For the progressive transfer of a tension or traction force from a fiber-reinforced plastic anchoring rod 10 to a threaded sleeve 20 surrounding one end of the rod, sawtooth shaped teeth are provided. The inclined flanks 6 of the teeth are increasingly longer as a function of the distance from the end 22 of the rod. The tooth length extension corresponds to the expansion of the rod under the local traction force which, because it becomes lower at each flank, decreases on a step-by-step basis. With this arrangement the rod can be stressed up to its breaking load without causing any damage to the threaded sleeve. This connection is suitable for any staying to fasten a cable to an anchoring element.

Description

BACKGROUND OF THE INVENTION

This invention concerns a tooth arrangement for the transfer of a force applied to a first element to a second element.

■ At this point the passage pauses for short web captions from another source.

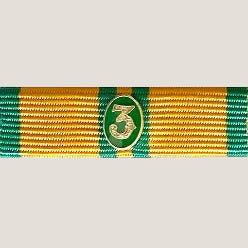 Släpspänne (NED NijBK3)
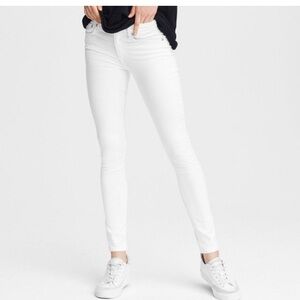 Rag & Bone Cate Mid-Rise Denim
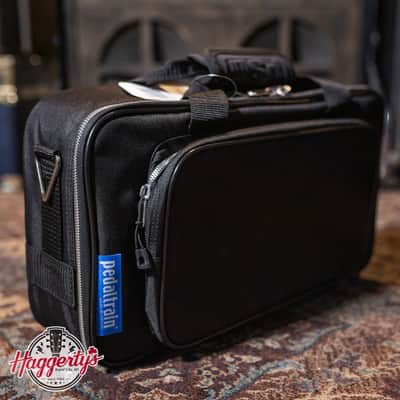 Pedaltrain Metro 16 Pedalboard with Soft Case image 1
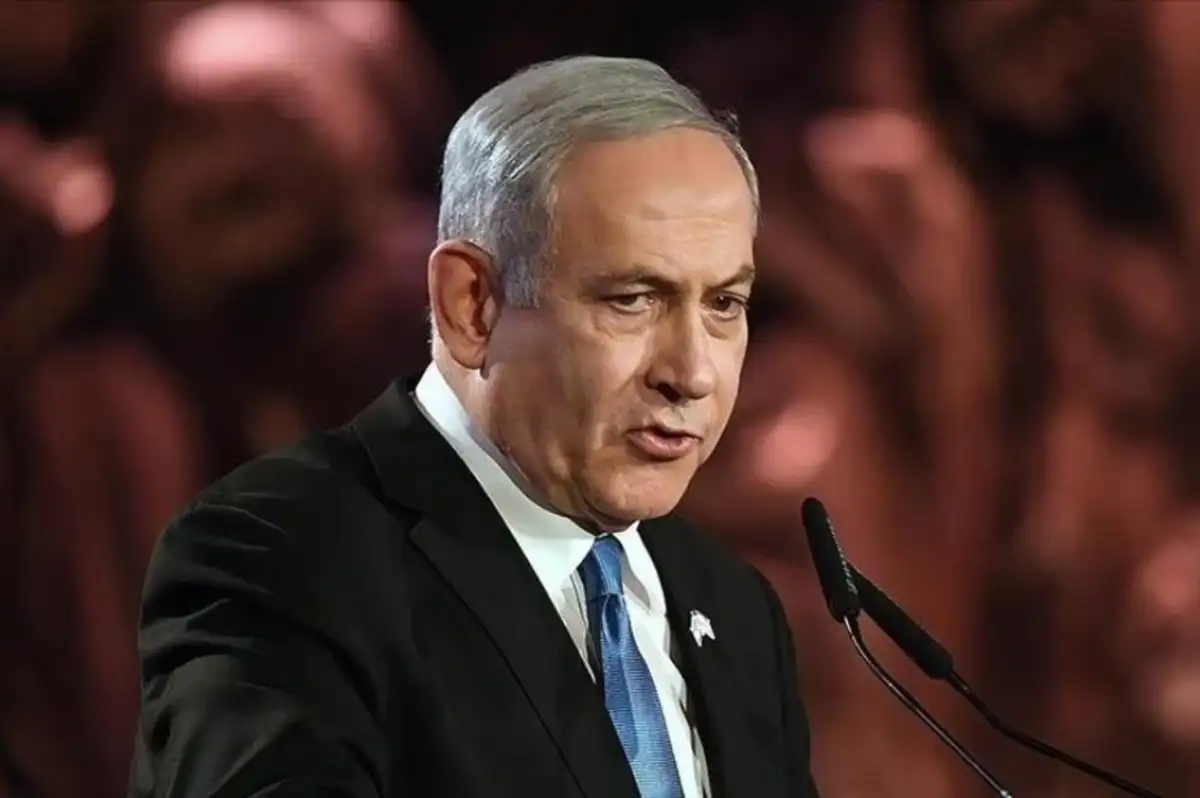 Suriye'de Kaybolan Amerikalı Asker Her Yerde Aranıyor! Netanyahu'dan Açıklama Geldi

It is known to anchor tie rods in boreholes in order to fasten to surfaces which break out in cavity constructions and exposed embankments. Such tie rods consist mostly of individual anchoring rods which are fixed at the bottom or lower end of the borehole and tightened on an anchor plate at the outside or surface of the borehole with a threaded nut. One speaks of a slack rod if no or only a slight tension is produced in the rod, and of a pressurized rod if a considerable traction force is applied.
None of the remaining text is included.